At Stony Brook, this course satisfies the math requirement. But in college admissions will they consider this an acceptable and strong senior year math for me?
Thanks in advance.
|By Marite (Marite) on Monday, September 20, 2004 - 10:48 pm: Edit|
I think it should fly. You could take a look at the description of the AP Stats course on the College Board website. Very likely, there is a lot of overlap.
|By Massdad (Massdad) on Monday, September 20, 2004 - 10:58 pm: Edit|
I would suggest adding a letter of explanation to your letter. Keep in mind that adcoms have limited time for each app. If you don't make something out of the ordinary obvious for them, they will miss it.
|By Mom2003 (Mom2003) on Tuesday, September 21, 2004 - 06:40 am: Edit|
I am sorry you have probably posted this before but are you finished with your Calc BC etc? The reason I ask is that my son did AP Stat course with a similar curriculum and it was OK since the next math step would have been multivariable calculus for him (not easily available with his schedule) but it would not have been a good substitute for Calc BC.
|By Marite (Marite) on Tuesday, September 21, 2004 - 07:01 am: Edit|
I don't think colleges expect students to have taken AP Calculus whether AB or BC if they are not going to be math, science or engineering majors. My older S did not. In fact, if a student is not going to be a math/science/engineering major, statistics is far more helpful than calculus. Ap Stats is not meant to be a substitute for Calc. The question is whether it is a math course; and on that, I think most colleges would say yes. But Ilcapo must underline the fact that a course that is labeled Politics 201 is actually a math course.
|By Ilcapo (Ilcapo) on Tuesday, September 21, 2004 - 01:33 pm: Edit|
I have taken Calculus, but not AP Calculus AB or BC...and AP Statistics did not fit into my schedule.
I think that this stat methods in poli sci will be the best use of my time anyways. I am not mathematically inclined and get very bored unless it relates to something that interests me (such as politics)

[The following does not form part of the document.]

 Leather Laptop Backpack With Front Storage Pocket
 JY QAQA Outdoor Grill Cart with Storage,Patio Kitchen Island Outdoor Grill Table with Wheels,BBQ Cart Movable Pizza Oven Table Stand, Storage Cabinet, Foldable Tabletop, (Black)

|By Massdad (Massdad) on Tuesday, September 21, 2004 - 05:33 pm: Edit|
Marite, while in theory you are right, in practice, for the admissions game, things are more complicated.

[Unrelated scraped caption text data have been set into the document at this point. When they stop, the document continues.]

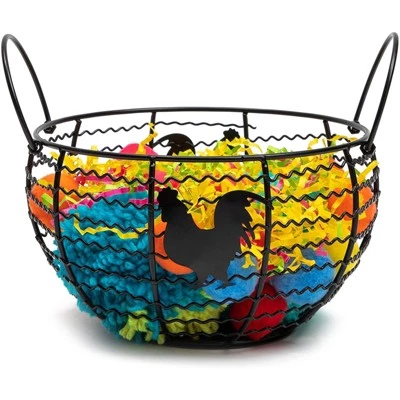 Juvale Wire Egg Basket, Farmhouse Kitchen Organizer (Black, 8.2 x 8.2 x 4.9 In) 4 Juvale Wire Egg Basket, Farmhouse Kitchen Organizer (Black, 8.2 x 8.2 x 4.9 In) - Image 2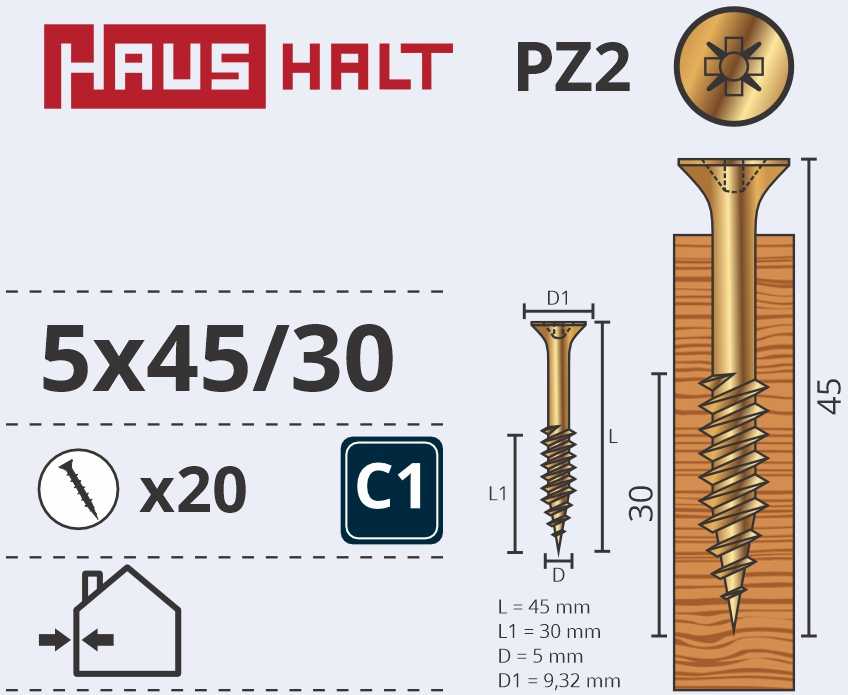 Medsraigčiai Haushalt, 5 x 45/30 mm, ZN, PZ2, 20 vnt.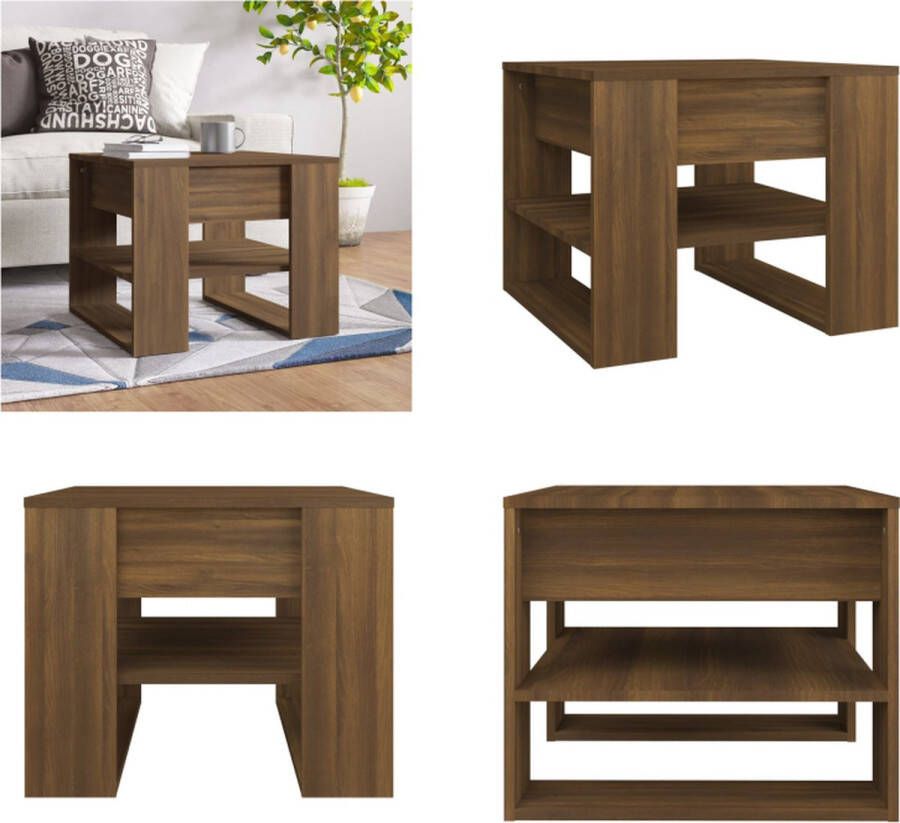 VidaXL Salontafel 55-5x55x45 cm bewerkt hout bruineikenkleurig Salontafel Salontafels Bijzettafel Tafel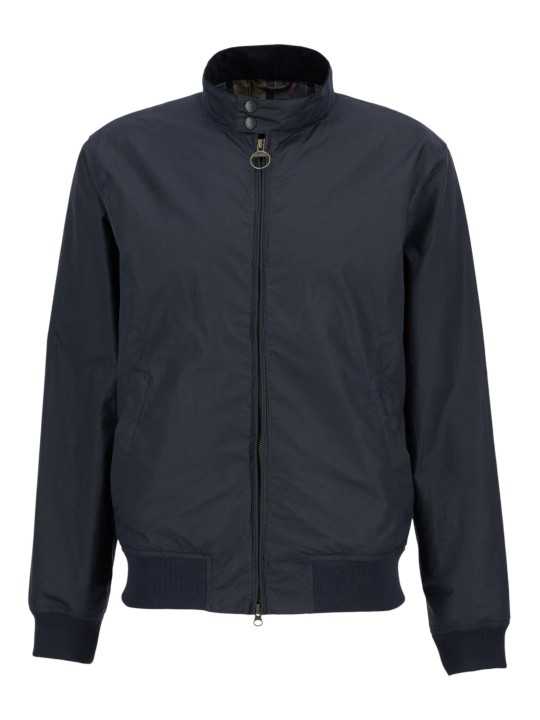 BLOUSON COURT ROYSTON WAX NAVY COL VELOURS COGNAC MWX1350 NY51 BARBOUR HOMME vue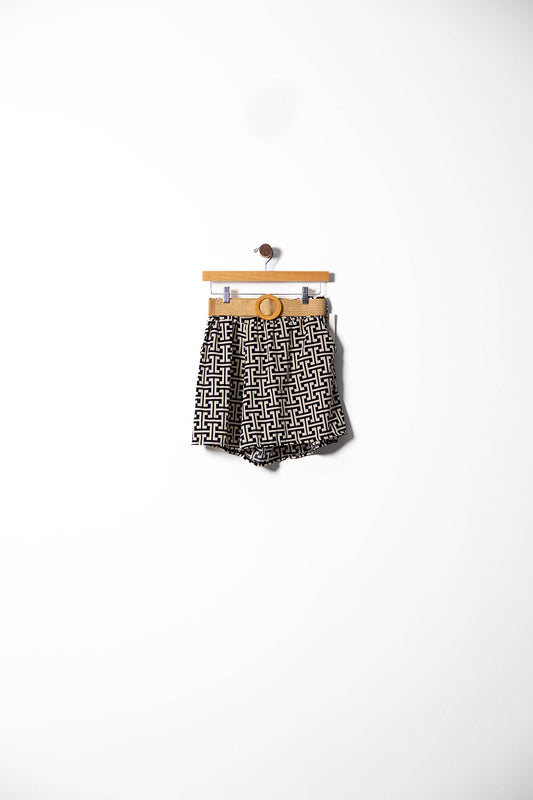 Printed Flow Shorts with Braided Belt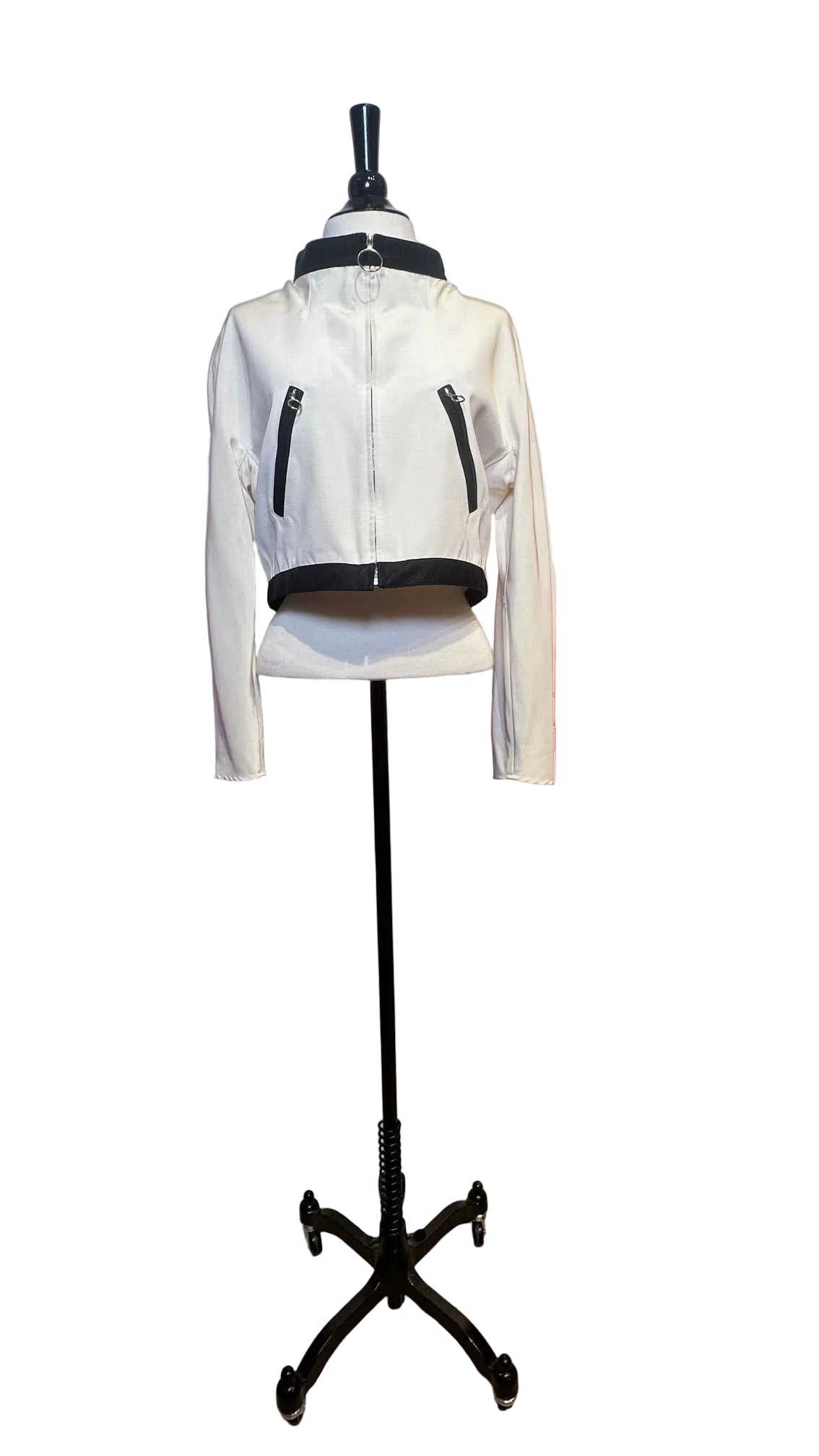 Courreges - Black White Cropped Jacket - Small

Most colleges consider AP Stats to be AP lite. At last Saturday's freshman opening convocation at U. Chicago, the admissions dean even made a joke about AP Stats.
Maybe the problem is that top colleges know that many kids have math phobia, probably unnecessarily. And, since calculus is the gateway to most college level math, and college level math is the gateway to a huge range of disciplines, not just math/science/engineering, they want to keep the pressure on?
Keep in mind also that college is the time to explore academically. If you've already shut the door on many areas due to lack of higher math...
|By Marite (Marite) on Tuesday, September 21, 2004 - 05:50 pm: Edit|
My older S did not take either AP Calc or AP-Stats (not offered in his school) but was admitted into a top LAC. It was clear from his application that he would not be a math/science/engineering student. From everything that Ilcapo has posted, I have the feeling that a career in these fields is not in the cards.
AP-Stats indeed is not granted credit at many top colleges. It did not matter for my S, whose college only allowed to APs to be used for credit, which essentially meant placing out of a couple of introductory courses.